There is no right answer to this question. The story the writer wants to tell will determine the best option. We should be clear, though, that even where characters in a novel are drawn from life, they will still be a fictional construct. One of the most vivid of all characters in historical fiction, Robert Graves' Claudius, may be informed by Graves' extensive reading of Plutarch and Suetonius -- but the character on the page is all Graves.

Tuesday, August 04, 2009

Anatomy of an Outline, Part II

For the sake of argument, we'll assume I've selected the subject of my next project (in practice it isn't quite that straightforward: I'm meeting my editor Will next week to talk through some ideas). As some of you know, because we've discussed it in person, I'm looking to work up an outline on The Affair of the Poisons:

The Affair of the Poisons was a murder scandal in France during the reign of King Louis XIV. It launched a period of hysterical pursuit of murder suspects, during which a number of prominent people and members of the aristocracy were implicated and sentenced for poisoning and witchcraft.

The sensational trial drew attention to a number of other mysterious deaths, starting a number of rumors. Prominent people, including Louis XIV, became alarmed that they also might be poisoned. He told Gabriel Nicolas de la Reynie, who, among other things, was his chief of police, to root out the poisoners. The subsequent investigation of potential poisoners led to accusations of witchcraft, murder and more.

--Wikipedia

This ticks many of my fictional boxes: court intrigue, conspiracy, murder and mayhem, a clear and distinct society with its own punctilios and protocols. It's not a period I'm immensely familiar with, but in truth whatever period I had chosen, extensive research would be necessary.

The next stage of preparing an outline is do some research. I need now to spend some time immersing myself in the period and the details of the Affair of the Poisons. Research, for me, begins with Wikipedia. This is perhaps a controversial position, but as long as iresearch doesn't also end there, I don't see a difficulty with it. Wikipedia may not be original scholarship but where it is excellent is in making links between related fields of knowledge. A free-wheeling hour on Wikipedia can be very helpful both to gain a thematic overview and to extract some telling detail. In this case, Wikipedia was very helpful in drawing my attention to the Fronde, a kind of covert nobles' coup in Louis XIV's minority--outside of the timeline of the story but clearly important in terms of how the court, and Louis, viewed themselves a generation later.

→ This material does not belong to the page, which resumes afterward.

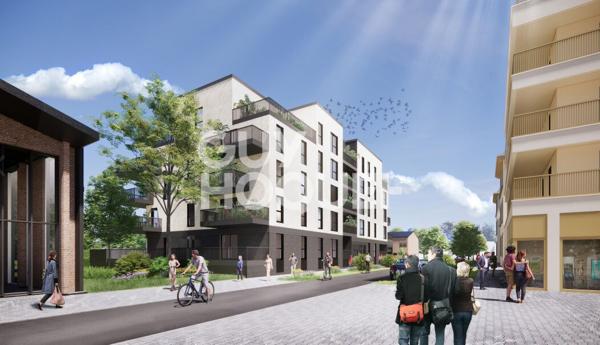 Montigny Les Metz - Quartier Lizé- A31 - OXYGENE - programme neuf - appartements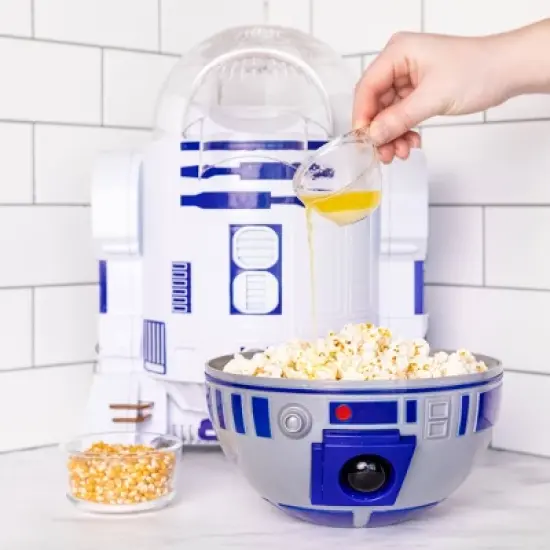 Uncanny Brands - Star Wars R2D2 Popcorn Maker image {9}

We move next to some more detailed reading, both specific and general. The starting point here is Anne Somerset's The Affair of the Poisons, the standard English-language popular history of the events. I've read this before and re-reading is now in order. I've also summoned up two biographies, Louis XIV by Vincent Cronin and The Loves of Louis XIV (Antonia Fraser). This gives me two different perspectives on king and court. Finally, I've also acquired the only English language novel I'm aware of on the subject, The Oracle Glass by Judith Merkle Riley.

Many would advise against reading other novels treating your intended subject. I take the point, but from what I know of the book, its preoccupations are rather different to mine; I hope it will illuminate rather than constrain my imagination.

Some of my more informal research included speaking to real live French people. There was a clear consensus here that if I wanted to cover this period, I needed to read Dumas' The Man in the Iron Mask, and for various reasons this seems to me a worthwhile pursuit.

That's my summer reading taken care of. Note that at this stage I am not even close to knowing the plot (the Affair of the Poisons is too large to fit everything in). I don't even know the characters, or the mixture of historical and fictional ones. These are the things which will determine the flavour of the book, but at this stage in my knowledge, those decisions are premature.